USDCAD plunged when Canadian inflation surged in July. Analysts were forecasting CPI to be unchanged from June’s result; instead, CPI rose 3.0%, year-on-year; core CPI rose 1.6% y/y. Traders noted that the headline 3.0% increase is the top of the Bank of Canada’s 1-3% inflation range. The data could improve the odds for a September 5 rate hike. Statistics Canada said that energy prices contributed the most to the data.
USDCAD losses may be limited due to the state of the Nafta renegotiations. Yesterday President Trump confirmed, “We’re not negotiating with Canada right now.” He added “I’m hopeful with Mexico and then I hope once we get one with Mexico that Canada will come along,”
Canadian officials have been mute on the issue only saying that they are in contact with the counterparties.
Wall Street opened flat, ignoring weakness in European bourses and fresh threats from the US administration against Turkey. That was yesterday’s news, but USDTRY did not react until just before the New York open.
The newly appointed Special Envoy to Iran said the US would put sanctions on any country importing Iranian oil. China gets most of its crude from Iran.
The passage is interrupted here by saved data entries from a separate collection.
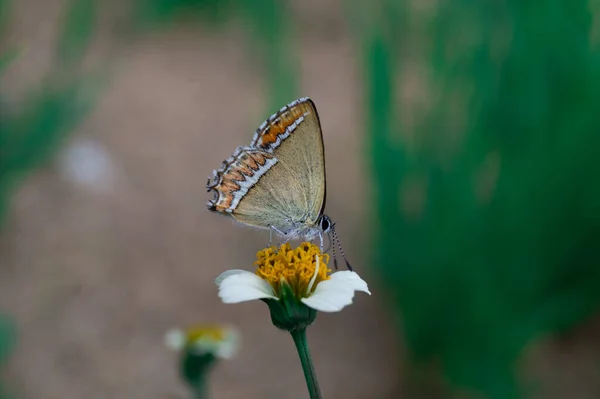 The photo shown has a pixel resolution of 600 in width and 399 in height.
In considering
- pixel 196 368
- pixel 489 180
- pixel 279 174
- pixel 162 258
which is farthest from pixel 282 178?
pixel 162 258

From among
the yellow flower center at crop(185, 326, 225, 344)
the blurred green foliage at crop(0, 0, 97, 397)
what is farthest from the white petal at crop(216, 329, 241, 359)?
the blurred green foliage at crop(0, 0, 97, 397)

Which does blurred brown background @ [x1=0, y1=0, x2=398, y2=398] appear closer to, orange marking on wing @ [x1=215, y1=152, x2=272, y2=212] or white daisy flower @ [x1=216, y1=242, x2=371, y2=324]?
orange marking on wing @ [x1=215, y1=152, x2=272, y2=212]

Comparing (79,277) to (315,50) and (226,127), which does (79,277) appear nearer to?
(226,127)

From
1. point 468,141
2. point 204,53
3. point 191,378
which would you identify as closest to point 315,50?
point 204,53

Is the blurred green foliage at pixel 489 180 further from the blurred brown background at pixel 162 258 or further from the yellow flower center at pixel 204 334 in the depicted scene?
the yellow flower center at pixel 204 334

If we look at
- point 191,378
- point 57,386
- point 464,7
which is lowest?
point 57,386

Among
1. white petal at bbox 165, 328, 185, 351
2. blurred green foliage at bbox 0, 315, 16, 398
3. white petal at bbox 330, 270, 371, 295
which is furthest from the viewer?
blurred green foliage at bbox 0, 315, 16, 398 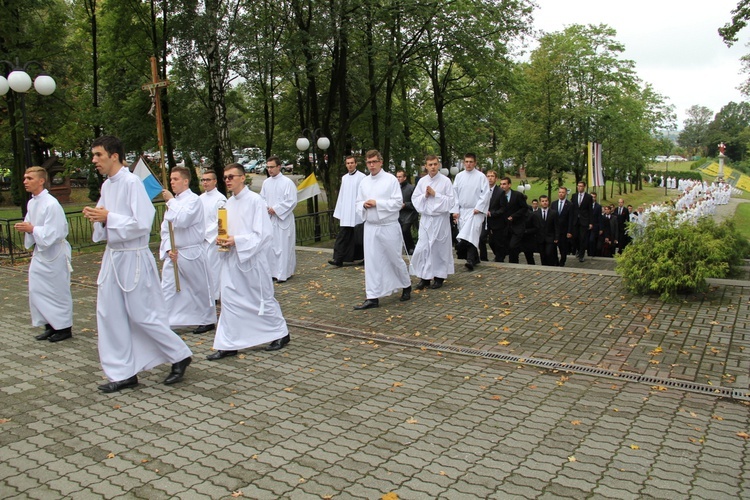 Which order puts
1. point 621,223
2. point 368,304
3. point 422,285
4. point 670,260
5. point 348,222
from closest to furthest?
point 670,260
point 368,304
point 422,285
point 348,222
point 621,223

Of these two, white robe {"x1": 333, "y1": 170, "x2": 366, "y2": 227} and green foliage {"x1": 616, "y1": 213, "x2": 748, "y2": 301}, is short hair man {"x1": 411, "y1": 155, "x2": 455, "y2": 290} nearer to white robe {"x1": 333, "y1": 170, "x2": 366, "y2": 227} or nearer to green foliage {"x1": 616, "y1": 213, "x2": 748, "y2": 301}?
white robe {"x1": 333, "y1": 170, "x2": 366, "y2": 227}

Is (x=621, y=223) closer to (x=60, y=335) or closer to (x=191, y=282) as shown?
(x=191, y=282)

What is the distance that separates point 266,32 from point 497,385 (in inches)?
753

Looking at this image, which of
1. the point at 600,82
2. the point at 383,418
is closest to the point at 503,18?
the point at 600,82

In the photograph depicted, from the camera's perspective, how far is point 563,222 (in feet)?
49.6

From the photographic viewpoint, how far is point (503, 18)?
2377 centimetres

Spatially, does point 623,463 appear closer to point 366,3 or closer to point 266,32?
point 366,3

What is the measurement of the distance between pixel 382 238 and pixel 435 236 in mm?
1431

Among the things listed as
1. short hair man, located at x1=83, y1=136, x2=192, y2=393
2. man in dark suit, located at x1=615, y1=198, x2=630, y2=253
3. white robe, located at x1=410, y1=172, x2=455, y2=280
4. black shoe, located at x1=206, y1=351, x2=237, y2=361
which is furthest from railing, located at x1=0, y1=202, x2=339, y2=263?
short hair man, located at x1=83, y1=136, x2=192, y2=393

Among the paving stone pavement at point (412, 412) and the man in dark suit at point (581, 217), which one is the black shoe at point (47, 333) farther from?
the man in dark suit at point (581, 217)

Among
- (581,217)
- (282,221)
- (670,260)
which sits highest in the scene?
(282,221)

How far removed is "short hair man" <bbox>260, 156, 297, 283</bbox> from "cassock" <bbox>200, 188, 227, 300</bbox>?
231cm

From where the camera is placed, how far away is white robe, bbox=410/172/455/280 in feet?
34.3

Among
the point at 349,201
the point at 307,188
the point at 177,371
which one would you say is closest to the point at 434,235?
Result: the point at 349,201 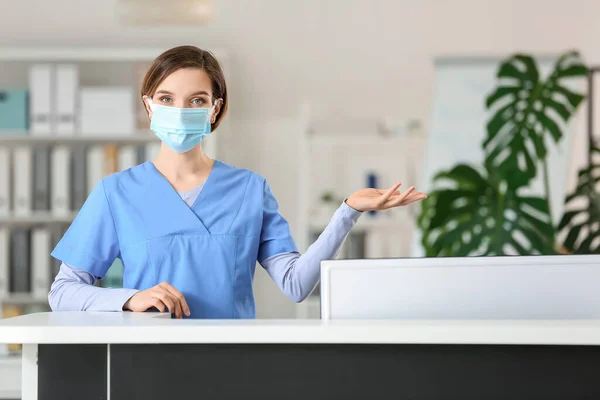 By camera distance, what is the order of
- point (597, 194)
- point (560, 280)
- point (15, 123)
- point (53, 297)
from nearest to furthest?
point (560, 280), point (53, 297), point (597, 194), point (15, 123)

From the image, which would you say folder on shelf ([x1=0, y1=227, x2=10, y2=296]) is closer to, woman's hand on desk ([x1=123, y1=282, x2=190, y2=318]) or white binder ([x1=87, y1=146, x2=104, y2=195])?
white binder ([x1=87, y1=146, x2=104, y2=195])

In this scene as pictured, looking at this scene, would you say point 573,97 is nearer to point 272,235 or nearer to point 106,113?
point 272,235

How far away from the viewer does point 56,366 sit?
1061 mm

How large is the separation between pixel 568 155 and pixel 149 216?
10.5ft

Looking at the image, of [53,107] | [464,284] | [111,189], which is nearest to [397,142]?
[53,107]

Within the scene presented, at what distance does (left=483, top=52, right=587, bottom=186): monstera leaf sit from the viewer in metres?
2.86

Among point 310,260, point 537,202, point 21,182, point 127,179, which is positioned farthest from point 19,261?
point 310,260

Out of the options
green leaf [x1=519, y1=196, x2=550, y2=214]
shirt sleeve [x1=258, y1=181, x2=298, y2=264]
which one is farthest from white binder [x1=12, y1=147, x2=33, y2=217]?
shirt sleeve [x1=258, y1=181, x2=298, y2=264]

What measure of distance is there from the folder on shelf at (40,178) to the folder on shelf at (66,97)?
0.54 ft

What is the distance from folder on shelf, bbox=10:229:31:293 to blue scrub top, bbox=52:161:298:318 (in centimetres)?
270

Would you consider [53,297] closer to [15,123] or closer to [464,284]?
[464,284]

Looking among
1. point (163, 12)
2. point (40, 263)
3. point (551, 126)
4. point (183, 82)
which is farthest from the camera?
point (40, 263)

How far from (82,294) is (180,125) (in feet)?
Result: 1.21

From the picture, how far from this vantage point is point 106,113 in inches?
159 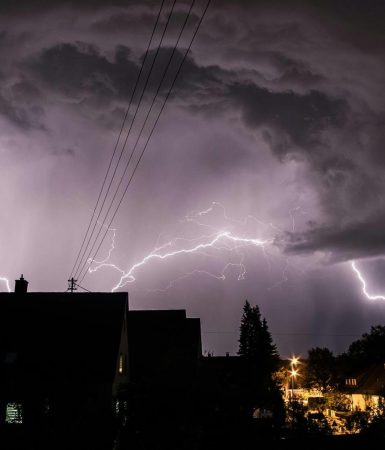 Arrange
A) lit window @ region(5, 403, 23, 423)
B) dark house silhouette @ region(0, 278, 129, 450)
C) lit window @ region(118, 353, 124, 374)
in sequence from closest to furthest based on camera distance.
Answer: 1. lit window @ region(5, 403, 23, 423)
2. dark house silhouette @ region(0, 278, 129, 450)
3. lit window @ region(118, 353, 124, 374)

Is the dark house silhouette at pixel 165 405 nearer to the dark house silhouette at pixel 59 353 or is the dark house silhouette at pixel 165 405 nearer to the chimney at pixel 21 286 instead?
the dark house silhouette at pixel 59 353

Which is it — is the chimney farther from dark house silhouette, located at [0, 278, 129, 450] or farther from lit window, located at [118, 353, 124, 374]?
lit window, located at [118, 353, 124, 374]

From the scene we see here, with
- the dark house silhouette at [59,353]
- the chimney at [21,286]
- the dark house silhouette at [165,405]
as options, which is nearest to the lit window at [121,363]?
the dark house silhouette at [59,353]

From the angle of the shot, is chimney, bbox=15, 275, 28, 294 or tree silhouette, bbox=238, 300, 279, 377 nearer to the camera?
chimney, bbox=15, 275, 28, 294

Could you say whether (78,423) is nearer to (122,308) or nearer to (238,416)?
(238,416)

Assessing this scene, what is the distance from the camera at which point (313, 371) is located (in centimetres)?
5681

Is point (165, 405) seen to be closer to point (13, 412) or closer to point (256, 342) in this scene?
point (13, 412)

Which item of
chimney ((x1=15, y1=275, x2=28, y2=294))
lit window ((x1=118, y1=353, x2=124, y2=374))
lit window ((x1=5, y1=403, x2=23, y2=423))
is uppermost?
chimney ((x1=15, y1=275, x2=28, y2=294))

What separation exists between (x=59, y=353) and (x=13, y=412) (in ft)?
11.8

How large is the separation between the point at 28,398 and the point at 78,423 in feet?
32.1

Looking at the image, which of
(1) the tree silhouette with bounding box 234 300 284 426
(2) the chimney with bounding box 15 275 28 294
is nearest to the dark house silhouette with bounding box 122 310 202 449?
(2) the chimney with bounding box 15 275 28 294

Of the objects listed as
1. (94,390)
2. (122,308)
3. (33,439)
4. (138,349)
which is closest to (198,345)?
(138,349)

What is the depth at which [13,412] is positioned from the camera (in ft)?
75.6

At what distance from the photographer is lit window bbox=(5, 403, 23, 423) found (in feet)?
74.8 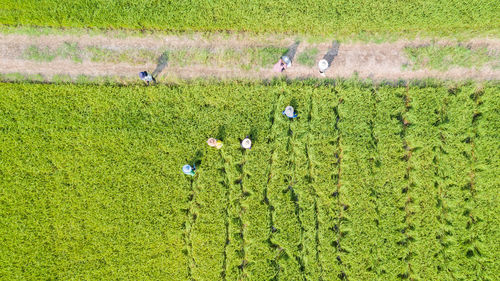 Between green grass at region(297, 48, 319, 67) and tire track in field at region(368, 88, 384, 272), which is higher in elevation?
green grass at region(297, 48, 319, 67)

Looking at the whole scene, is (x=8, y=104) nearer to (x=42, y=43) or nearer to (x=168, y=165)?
(x=42, y=43)

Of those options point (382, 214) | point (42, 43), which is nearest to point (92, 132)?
point (42, 43)

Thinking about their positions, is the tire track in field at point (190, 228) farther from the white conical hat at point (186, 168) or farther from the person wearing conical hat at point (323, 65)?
the person wearing conical hat at point (323, 65)

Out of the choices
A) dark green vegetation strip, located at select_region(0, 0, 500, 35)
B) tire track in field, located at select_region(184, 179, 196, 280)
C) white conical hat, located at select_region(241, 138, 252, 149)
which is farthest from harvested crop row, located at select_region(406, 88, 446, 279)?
tire track in field, located at select_region(184, 179, 196, 280)

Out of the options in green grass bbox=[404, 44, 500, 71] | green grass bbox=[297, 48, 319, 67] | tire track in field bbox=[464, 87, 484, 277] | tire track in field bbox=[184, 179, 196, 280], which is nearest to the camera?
tire track in field bbox=[464, 87, 484, 277]

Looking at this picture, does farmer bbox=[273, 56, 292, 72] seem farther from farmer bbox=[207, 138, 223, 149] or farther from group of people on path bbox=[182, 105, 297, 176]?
farmer bbox=[207, 138, 223, 149] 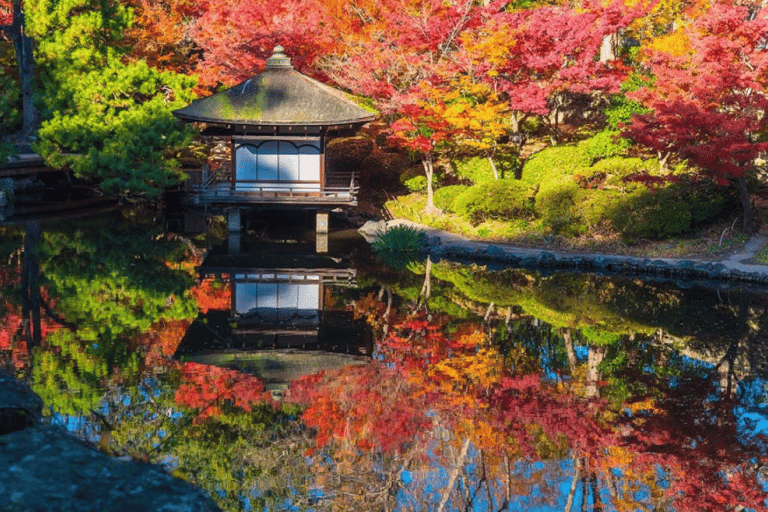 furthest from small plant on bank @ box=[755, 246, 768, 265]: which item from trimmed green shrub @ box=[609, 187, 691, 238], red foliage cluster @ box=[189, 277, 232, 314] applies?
red foliage cluster @ box=[189, 277, 232, 314]

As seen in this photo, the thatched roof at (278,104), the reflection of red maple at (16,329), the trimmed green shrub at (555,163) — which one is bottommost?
the reflection of red maple at (16,329)

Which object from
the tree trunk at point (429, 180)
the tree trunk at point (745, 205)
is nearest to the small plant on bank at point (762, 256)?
the tree trunk at point (745, 205)

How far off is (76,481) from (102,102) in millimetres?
23704

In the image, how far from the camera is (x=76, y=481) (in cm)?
711

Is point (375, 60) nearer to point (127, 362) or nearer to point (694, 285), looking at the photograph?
point (694, 285)

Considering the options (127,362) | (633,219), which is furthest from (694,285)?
(127,362)

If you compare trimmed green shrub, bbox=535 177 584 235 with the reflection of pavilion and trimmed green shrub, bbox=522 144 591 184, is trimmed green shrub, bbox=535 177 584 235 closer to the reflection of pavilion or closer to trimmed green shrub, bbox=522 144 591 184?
trimmed green shrub, bbox=522 144 591 184

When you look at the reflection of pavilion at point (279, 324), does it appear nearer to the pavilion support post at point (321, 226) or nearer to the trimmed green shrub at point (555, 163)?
the pavilion support post at point (321, 226)

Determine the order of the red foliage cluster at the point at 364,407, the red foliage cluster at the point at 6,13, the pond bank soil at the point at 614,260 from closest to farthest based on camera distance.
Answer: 1. the red foliage cluster at the point at 364,407
2. the pond bank soil at the point at 614,260
3. the red foliage cluster at the point at 6,13

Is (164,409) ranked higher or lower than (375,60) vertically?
lower

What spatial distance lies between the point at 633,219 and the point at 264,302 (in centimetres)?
1033

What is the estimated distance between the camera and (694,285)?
19094 mm

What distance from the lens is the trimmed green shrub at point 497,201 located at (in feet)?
79.3

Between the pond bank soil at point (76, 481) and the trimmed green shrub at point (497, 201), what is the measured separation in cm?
1750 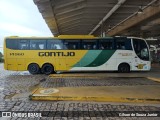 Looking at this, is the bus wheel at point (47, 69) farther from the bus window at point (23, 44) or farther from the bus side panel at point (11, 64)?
the bus side panel at point (11, 64)

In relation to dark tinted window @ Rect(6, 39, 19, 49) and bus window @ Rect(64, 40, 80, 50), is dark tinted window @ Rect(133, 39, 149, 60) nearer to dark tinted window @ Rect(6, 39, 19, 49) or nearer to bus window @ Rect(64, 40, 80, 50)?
bus window @ Rect(64, 40, 80, 50)

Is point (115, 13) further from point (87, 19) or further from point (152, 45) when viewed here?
point (152, 45)

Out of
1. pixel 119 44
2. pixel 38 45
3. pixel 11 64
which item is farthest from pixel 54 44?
pixel 119 44

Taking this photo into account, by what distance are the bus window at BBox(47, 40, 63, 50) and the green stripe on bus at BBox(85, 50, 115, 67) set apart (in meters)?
2.49

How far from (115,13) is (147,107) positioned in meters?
14.1

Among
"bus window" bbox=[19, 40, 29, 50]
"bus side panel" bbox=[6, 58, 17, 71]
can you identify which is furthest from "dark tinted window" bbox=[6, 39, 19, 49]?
"bus side panel" bbox=[6, 58, 17, 71]

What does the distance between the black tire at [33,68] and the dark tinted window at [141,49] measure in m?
7.12

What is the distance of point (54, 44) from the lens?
21.7m

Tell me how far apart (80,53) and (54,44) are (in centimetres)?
195

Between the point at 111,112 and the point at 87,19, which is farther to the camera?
the point at 87,19

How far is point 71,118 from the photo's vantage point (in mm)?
6922

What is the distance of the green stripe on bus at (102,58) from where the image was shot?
21.8 meters

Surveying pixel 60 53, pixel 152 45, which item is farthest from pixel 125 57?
pixel 152 45

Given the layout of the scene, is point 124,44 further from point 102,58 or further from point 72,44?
point 72,44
FX traders have ignored the latest threats and sold US dollars against the major G10 currencies since New York opened. The gains are modest, and they haven’t altered the underlying bullish US dollar trend. The US dollar index (USDX) uptrend from the middle of April is intact above 95.00. However, in the short term, there is room for correction. The latest USDX rally stalled at 96.84, a break below support in the 95.80 area is needed to suggest an extended correction.